Ich erlebe das auch in meiner Gruppe Wild Life, in der ich mit Jazzmusikern spiele, die auch eine klassische Erfahrung haben, oder mit Tara Bouman in unserem Duo Moving Sounds. Ich suche diese Situation immer wieder in verschiedenen Projekten und Seminaren, wie zum Beispiel im neu gegründeten Forum Intuitive Musik in Wuppertal. Es ist tatsächlich oft ein paradiesischer Zustand, in der Musik in Kommunikation und Kommunion mit anderen Menschen etwas zu gestalten. Da wird ein Gleichklang möglich, der mir auf rein verbale Weise in anderen Situationen, in Diskussionen oder Gesprächen nicht annähernd möglich ist.
G.F. Was geschieht mit den Klangräumen, wenn das Konzert zu ende ist?
M.S. Pythagoras hat gesagt:
Jeder Stein, auch achtlos fortgetreten, erzeugt eine Schwingung, die im ganzen Universum widerhallt.
Ich glaube, dass alles, was zum Ausdruck gebracht wurde, irgendwo gespeichert ist und mit allem anderen die Summe der kollektiven Erfahrung darstellt. Alles klingt fort, ist irgendwo aufgezeichnet. Wer es vermag, kann dort hineingehen und wie in einer Bibliothek das herausgreifen, was gewesen ist. Die Räume, die einmal geöffnet wurden, existieren weiter. Die großen Komponisten haben Türen aufgemacht zu Räumen, die später von anderen betreten werden können. Das spürt man gerade als Improvisationsmusiker. Man wird in einer Situation, die man bislang nicht kannte, in Räume eingeladen, die man wieder zum Klingen bringt. Man belebt sie auf neue Weise.

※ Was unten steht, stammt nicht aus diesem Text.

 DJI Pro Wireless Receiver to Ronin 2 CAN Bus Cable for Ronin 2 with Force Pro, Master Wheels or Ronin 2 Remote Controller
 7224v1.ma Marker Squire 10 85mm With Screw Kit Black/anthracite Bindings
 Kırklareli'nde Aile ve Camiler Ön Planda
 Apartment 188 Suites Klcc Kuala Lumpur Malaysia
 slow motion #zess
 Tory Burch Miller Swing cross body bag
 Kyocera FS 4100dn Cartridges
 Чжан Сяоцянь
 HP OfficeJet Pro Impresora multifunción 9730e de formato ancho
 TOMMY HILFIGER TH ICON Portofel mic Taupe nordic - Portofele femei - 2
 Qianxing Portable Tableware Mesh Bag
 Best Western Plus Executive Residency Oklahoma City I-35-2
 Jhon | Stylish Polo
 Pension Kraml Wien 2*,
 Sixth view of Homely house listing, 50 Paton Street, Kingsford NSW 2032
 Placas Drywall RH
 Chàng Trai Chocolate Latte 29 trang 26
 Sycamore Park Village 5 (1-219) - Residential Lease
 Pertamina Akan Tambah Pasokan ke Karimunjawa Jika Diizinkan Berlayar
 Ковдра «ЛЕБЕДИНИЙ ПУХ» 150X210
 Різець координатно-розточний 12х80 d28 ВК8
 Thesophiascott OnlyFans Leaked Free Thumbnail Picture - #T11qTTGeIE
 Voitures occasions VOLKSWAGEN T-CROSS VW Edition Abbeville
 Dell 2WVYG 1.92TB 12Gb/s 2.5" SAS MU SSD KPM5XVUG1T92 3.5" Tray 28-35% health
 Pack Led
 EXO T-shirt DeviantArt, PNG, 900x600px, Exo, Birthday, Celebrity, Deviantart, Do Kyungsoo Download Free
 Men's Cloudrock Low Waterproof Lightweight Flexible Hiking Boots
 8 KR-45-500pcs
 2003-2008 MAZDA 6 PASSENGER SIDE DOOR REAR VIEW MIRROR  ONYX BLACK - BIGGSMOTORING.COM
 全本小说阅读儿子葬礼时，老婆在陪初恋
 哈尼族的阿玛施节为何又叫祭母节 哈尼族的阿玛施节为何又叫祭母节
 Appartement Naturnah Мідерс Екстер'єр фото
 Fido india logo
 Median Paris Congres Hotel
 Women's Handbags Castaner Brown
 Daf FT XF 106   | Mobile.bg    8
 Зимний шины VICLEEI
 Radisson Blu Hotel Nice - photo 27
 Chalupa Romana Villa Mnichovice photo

G.F. Ist es nicht die Aufgabe der wirklich schöpferischen Menschen, den wahren, den geistigen Zeitgeistimpuls zum Ausdruck zu bringen? Dann kommt in besonderen Momenten ein neuer Klang ins aktuelle Jetzt. Könnte von den Räumen, die Sie erschaffen, nicht ein Einfluss auf die Erdatmosphäre ausgehen, so dass Sie mit an einer Zukunft bauen, in der Menschen aufatmen und auf neue Gedanken kommen können?
M.S. Es ist natürlich eine ganz große Hoffnung, dass man nichts Beliebiges macht, sondern etwas Wesentliches, das Menschen nährt und ihnen eine gute Richtung weist. Die großen Geister haben das gemacht. Warum wird Beethoven jetzt so gefeiert oder andere Große? Sie sind zu Symbolfiguren geworden, weil sie wesentliche Neuerungen beigetragen haben, von denen man immer noch zehrt. Ich vertraue darauf, dass das, was man guten Willens in das Ganze hinein gibt, wie ein Stein wirkt, der ins Wasser fällt und seine Wellen schlägt. Hin und wieder bekomme ich auch gespiegelt, dass Menschen viel von dem verfolgt haben, was ich mache und sich von dem genährt haben, was ich an Freiheitsgefühl, an Schönheitsideal über die Musik mit ihnen teile.
Sie nehmen es auf ihre Weise auf. Das moduliert die Seele. Und die Menschen sagen vielleicht: Wenn das so ist, dann darf ich das auch in meinem Leben vollziehen.